ASSIGNED TASK:
Please output every line of the material as it stands, without the pictures.

DATA BELOW:

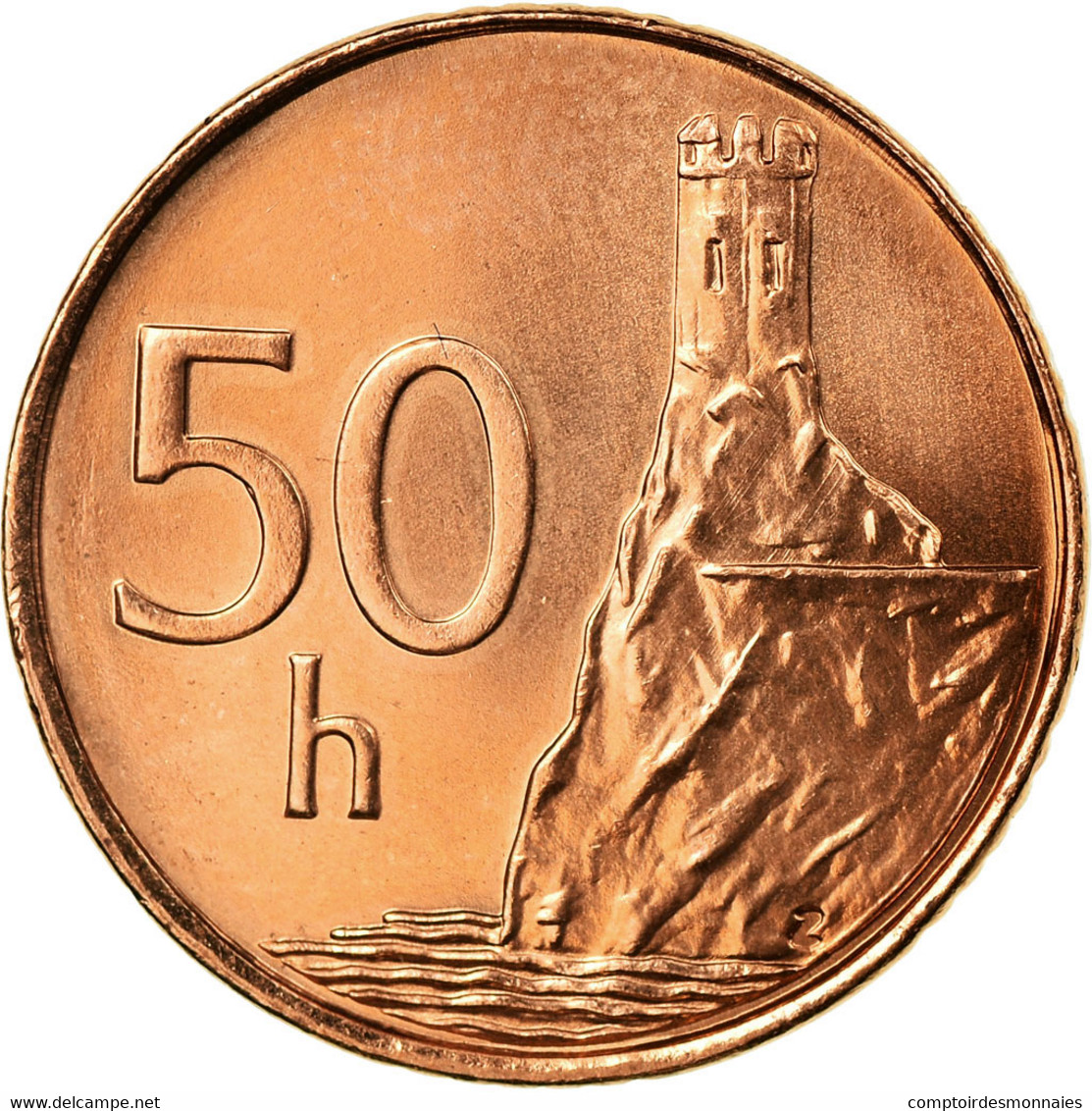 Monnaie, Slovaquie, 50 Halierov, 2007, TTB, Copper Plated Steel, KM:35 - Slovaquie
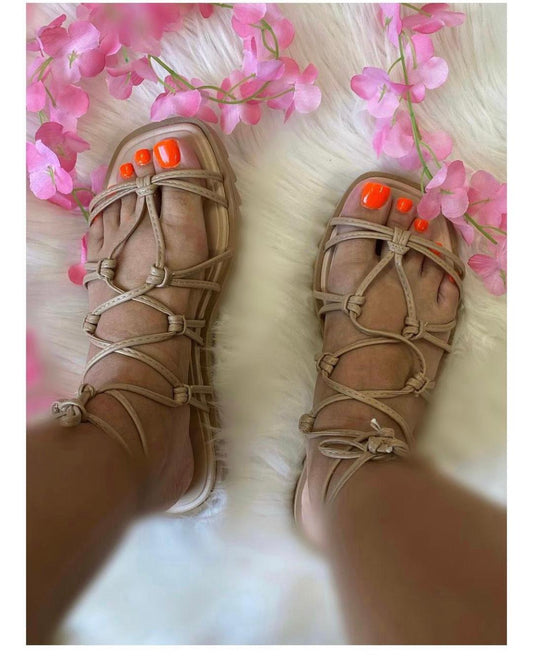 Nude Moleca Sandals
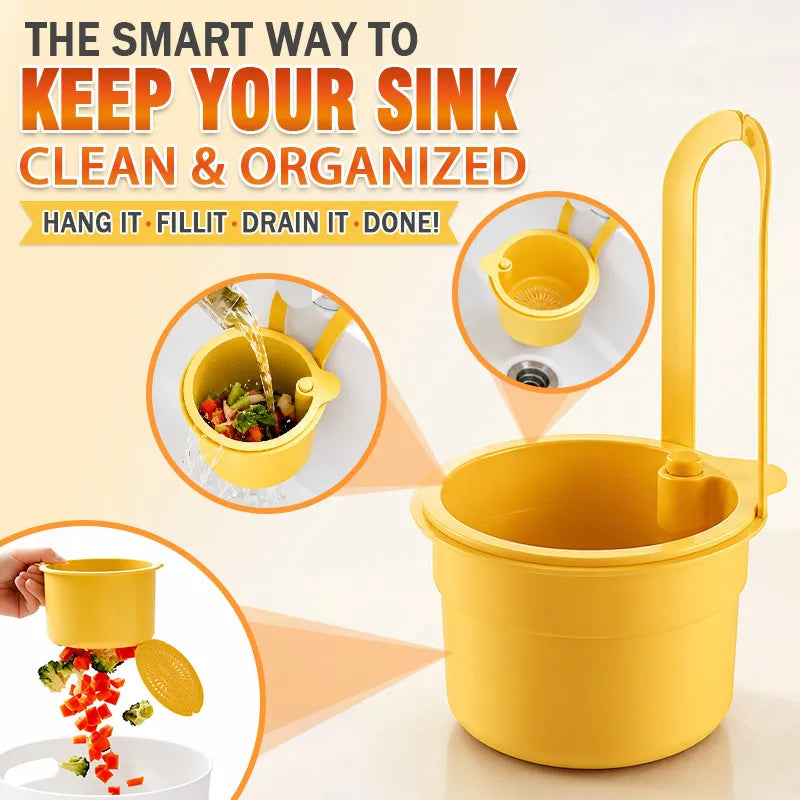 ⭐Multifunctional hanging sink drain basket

RESPONSE BOX:
 Monnaie, Slovaquie, 50 Halierov, 2007, TTB, Copper Plated Steel, KM:35 - Slovaquie
 Nude Moleca Sandals
 ⭐Multifunctional hanging sink drain basket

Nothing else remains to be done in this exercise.